## Task details
Return, word for word, only the lines of the data below that lie between the line with "a view of a" and the line with "Belfast, Northern Ireland.", those two lines included.

## Given entries
BEGIN
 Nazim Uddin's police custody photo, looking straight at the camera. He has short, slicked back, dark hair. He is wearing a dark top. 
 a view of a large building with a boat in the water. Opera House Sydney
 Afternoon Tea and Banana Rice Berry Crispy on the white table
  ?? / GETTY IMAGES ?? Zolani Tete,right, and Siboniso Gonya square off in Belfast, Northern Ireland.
END
BEGIN
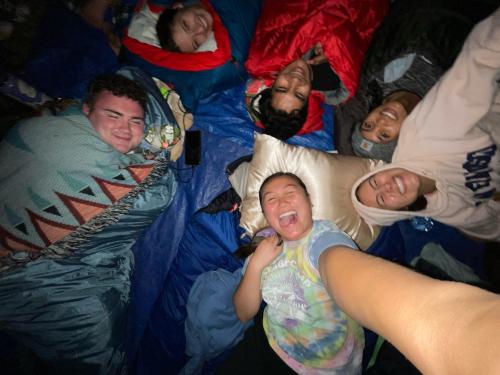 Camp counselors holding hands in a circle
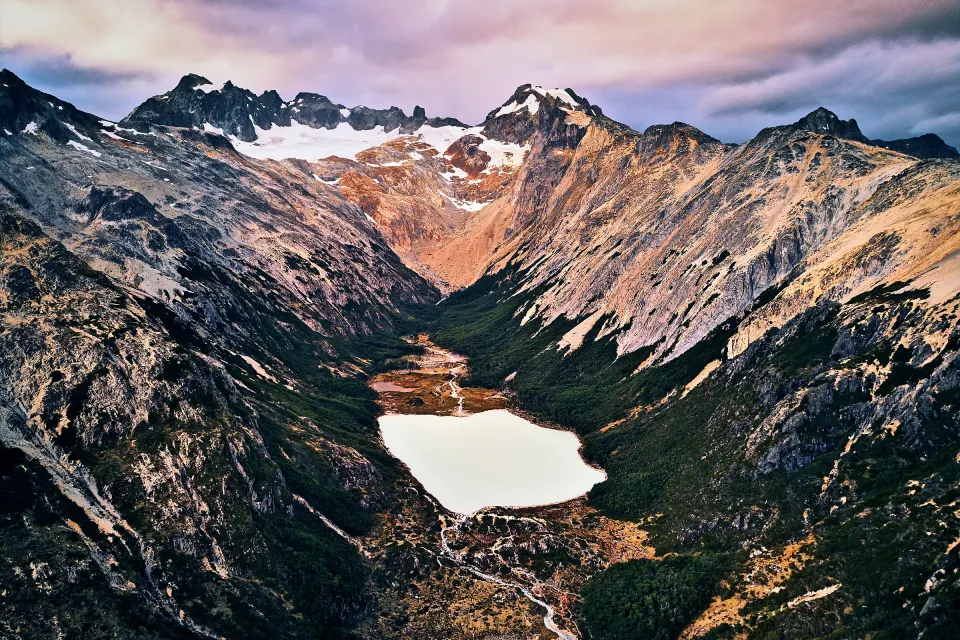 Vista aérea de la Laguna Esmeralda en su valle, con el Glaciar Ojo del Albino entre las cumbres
END
## Result below
 a view of a large building with a boat in the water. Opera House Sydney
 Afternoon Tea and Banana Rice Berry Crispy on the white table
  ?? / GETTY IMAGES ?? Zolani Tete,right, and Siboniso Gonya square off in Belfast, Northern Ireland.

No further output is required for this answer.